Lab 04 - Money in U.S. politics

Lab

Modified

October 10, 2024

Important

This lab is due October 17 at 11:59pm.

Learning goals

In this lab, you will…

use web scraping to import unstructured data from HTML files
write a function to perform repetitive operations efficiently
create an iterative operation to apply a function to multiple inputs
clean variables for data analysis

Money in politics

Every election cycle brings its own brand of excitement – and lots of money. Political donations are of particular interest to political scientists and other researchers studying politics and voting patterns. They are also of interest to citizens who want to stay informed of how much money their candidates raise and where that money comes from.

In the United States, “only American citizens (and immigrants with green cards) can contribute to federal politics, but the American divisions of foreign companies can form political action committees (PACs) and collect contributions from their American employees.”¹

¹ Source: Open Secrets - Foreign Connected PACs.

In this assignment we will scrape and work with data on foreign-connected PACs that donate to US political campaigns. First, we will get data on foreign-connected PAC contributions in the 2022 election cycle. Then, you will use a similar approach to get data such contributions from previous years so that we can examine trends over time.

In order to complete this assignment you will need a browser with the Selector Gadget extension installed.

Getting started

Go to the info5001-fa24 organization on GitHub. Click on the repo with the prefix lab-04. It contains the starter documents you need to complete the lab.
Clone the repo and start a new project in RStudio. See the Lab 0 instructions for details on cloning a repo and starting a new R project.
First, open the Quarto document lab-04.qmd and Render it.
Make sure it compiles without errors.

Team submission

All team members should clone the team GitHub repository for the lab.

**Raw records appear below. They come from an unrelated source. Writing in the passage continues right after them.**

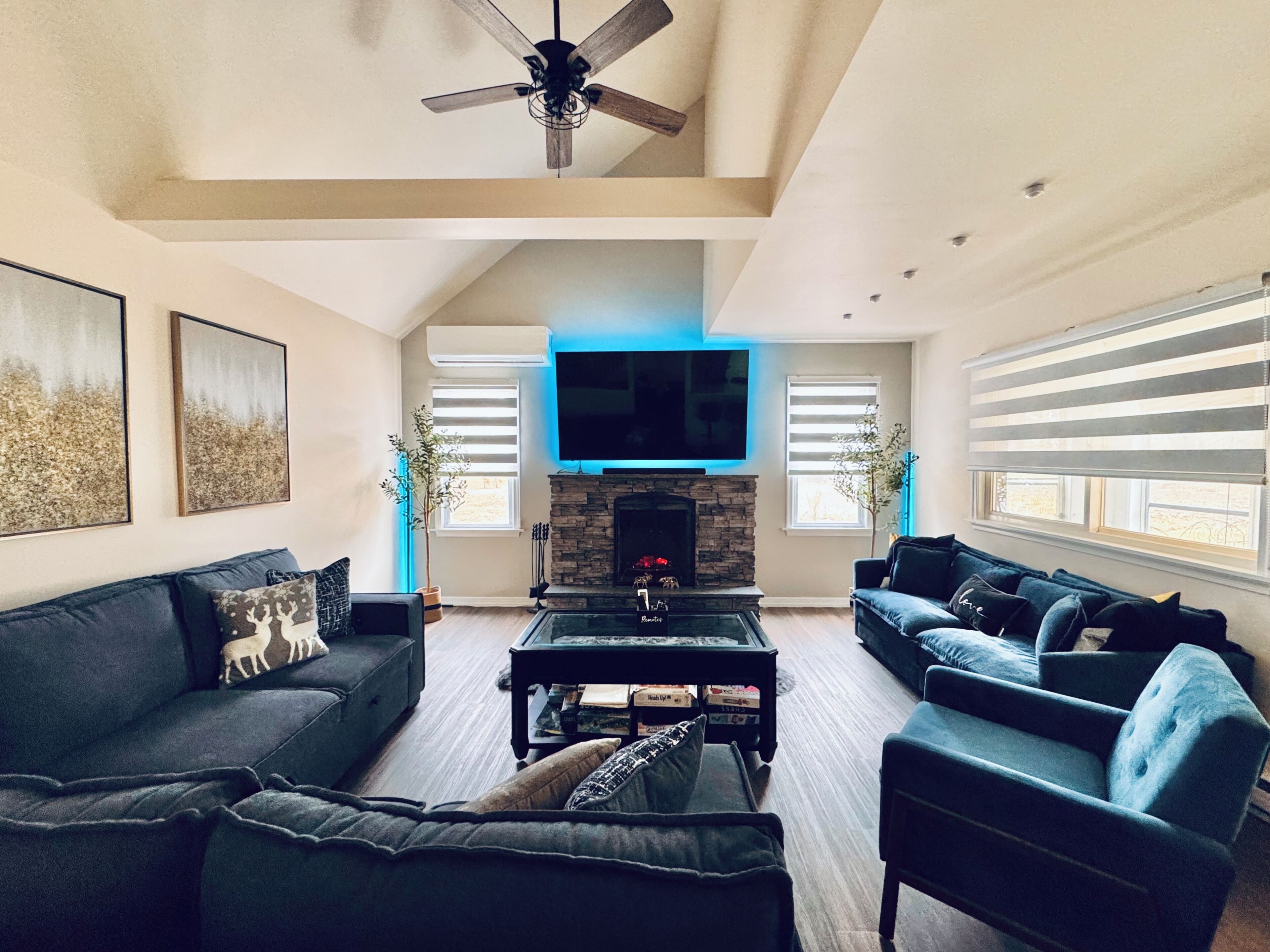 Älytelevisio, takka, kirjoja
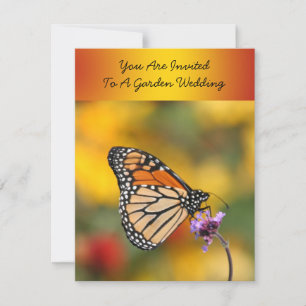 Convite Borboleta Monarca à Procura de Pólen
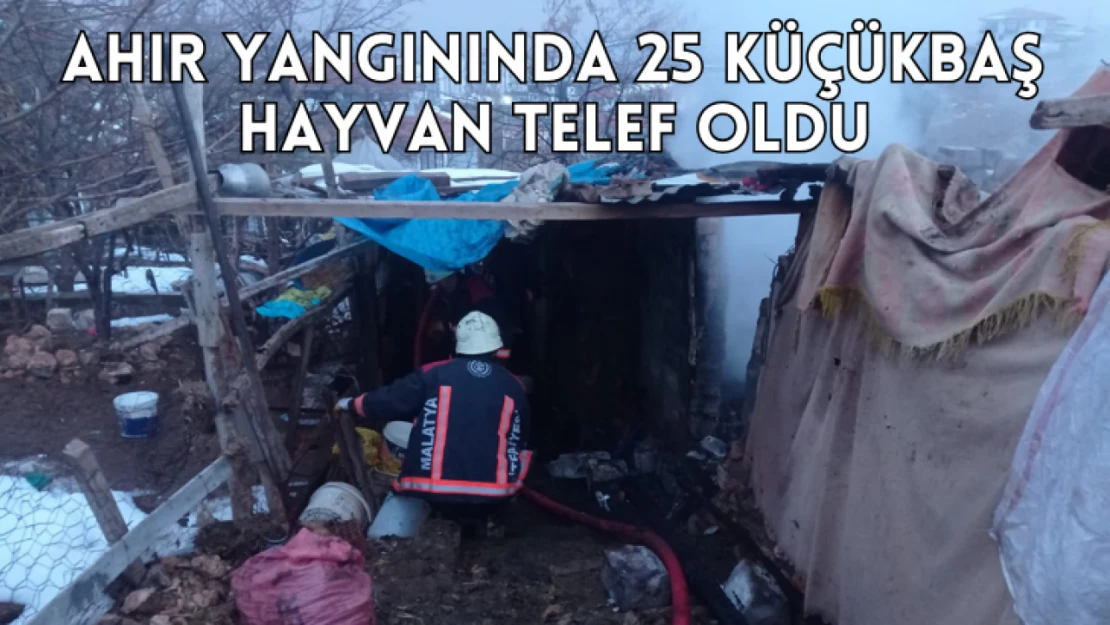 Ahır yangınında 25 küçükbaş hayvan telef oldu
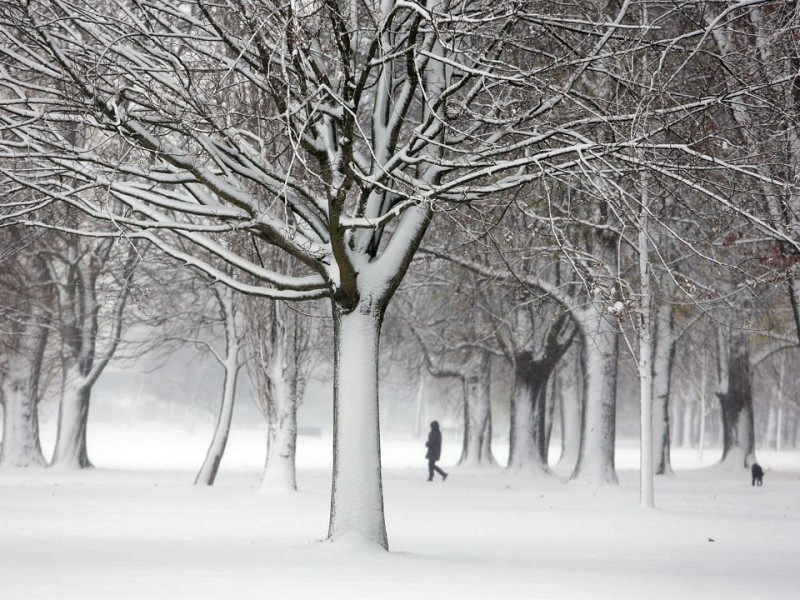 Auch in Düsseldorf schneite es am Freitag. Foto: Stefan Arend / WAZ Fotopool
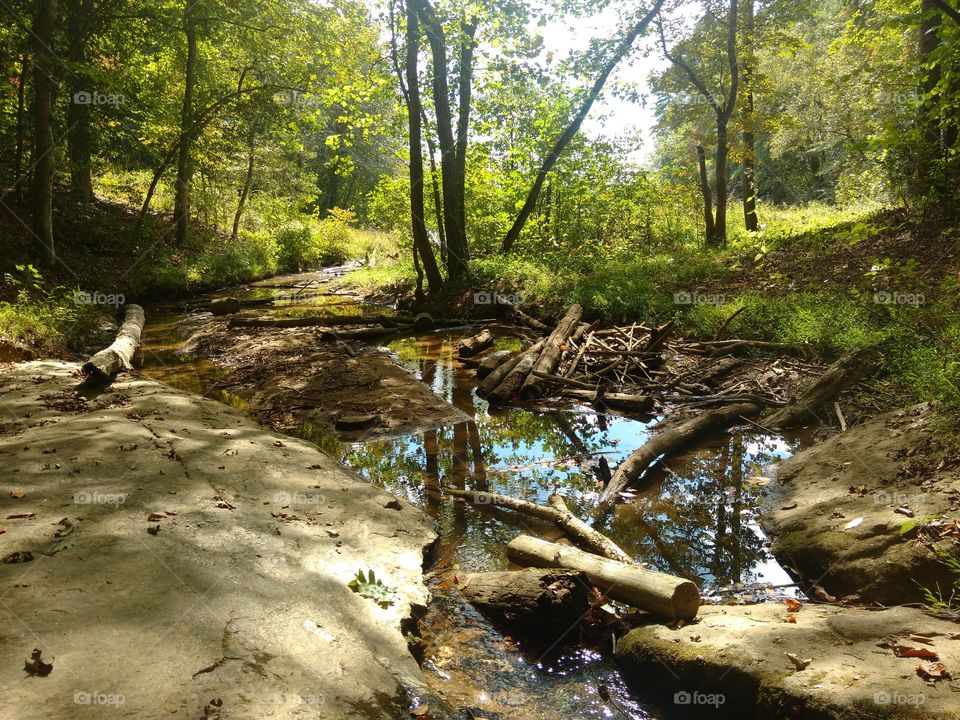 Water, Wood, Nature, River, Landscape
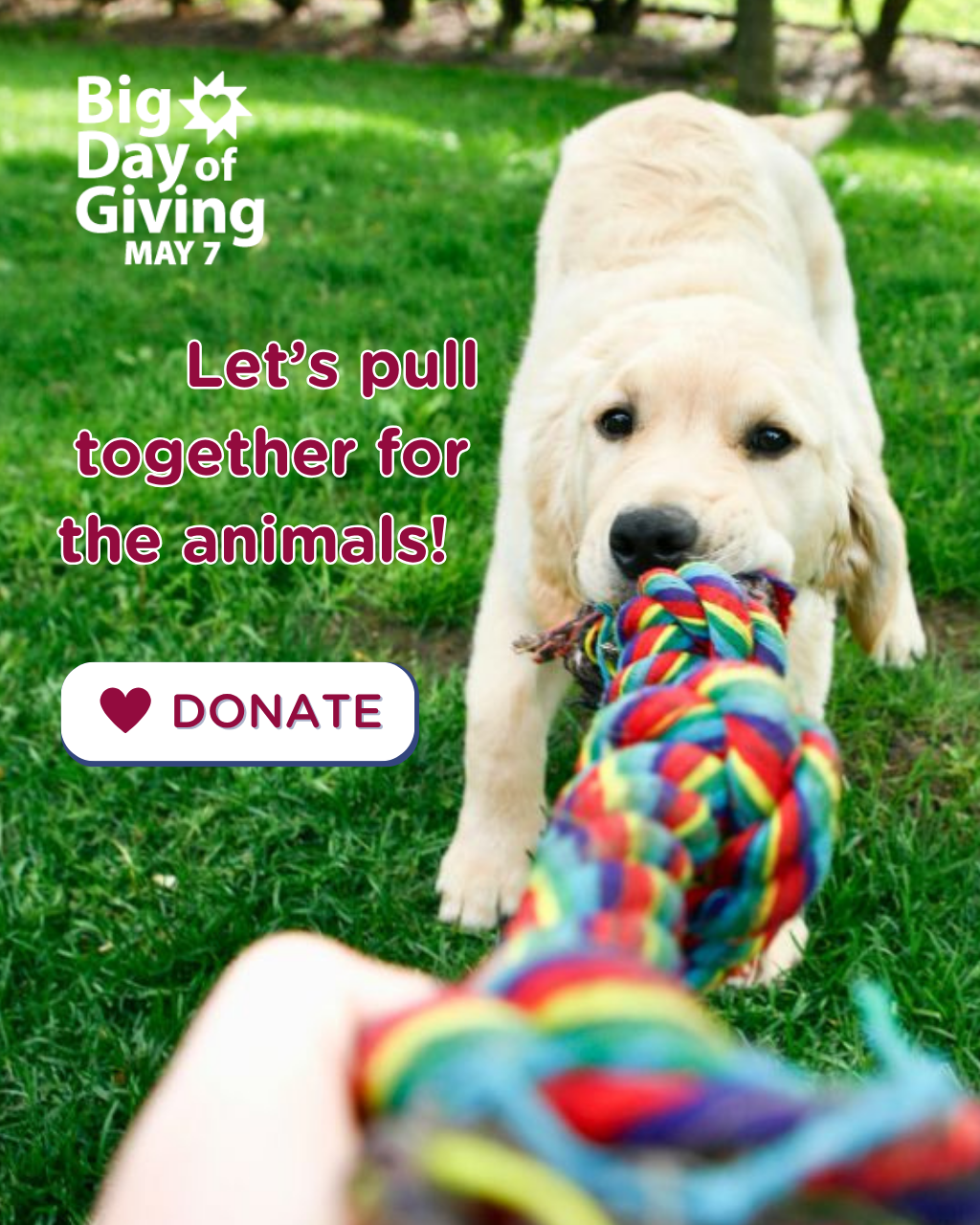 RedRover's 2026 Big Day of Giving popup - a person playing tug-of-war with a golden retriever puppy with the caption: Let's pull together for the animals!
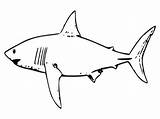 Coloring Shark Sharks Pages Printable Kids sketch template
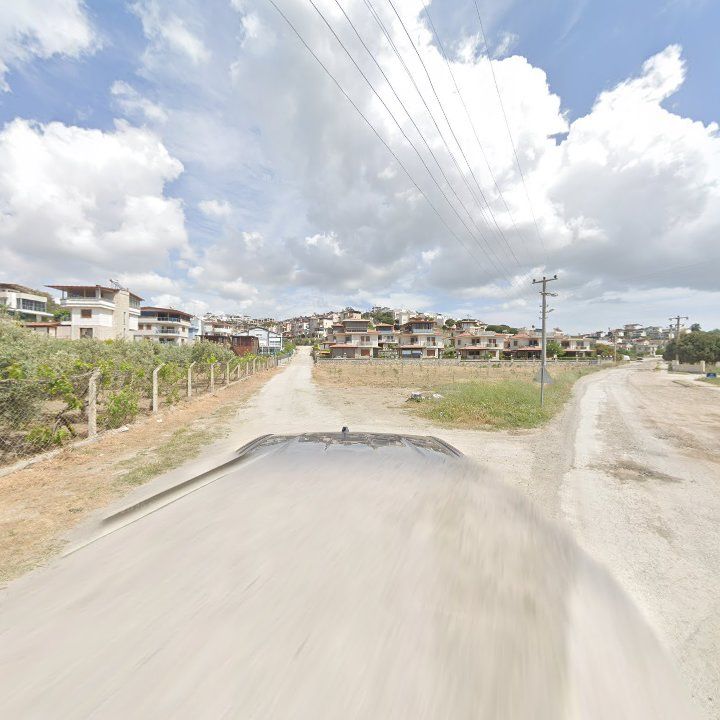 Fotoğraf 10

Then, one team member should edit the document YAML by adding the team name to the subtitle field and adding the names of the team members contributing to lab to the author field. Hopefully that’s everyone, but if someone doesn’t contribute during the lab session or throughout the week before the deadline, their name should not be added. If you have 4 members in your team, you can delete the line for the 5th team member. Then, this team member should render the document and commit and push the changes. All others should not touch the document at this stage.

title: "Lab 04 - Money in U.S. politics"
subtitle: "Team name"
author: 
  - "Team member 1 (netID)"
  - "Team member 2 (netID)"
  - "Team member 3 (netID)"
date: today
format:
  typst:
    fig-format: png

Warm up

Before we introduce the data, let’s warm up with some simple exercises.

Update the YAML, changing the author name to your name, and render the document.
Commit your changes with a meaningful commit message.
Push your changes to GitHub.
Go to your repo on GitHub and confirm that your changes are visible in your .qmd and .pdf files. If anything is missing, render, commit, and push again.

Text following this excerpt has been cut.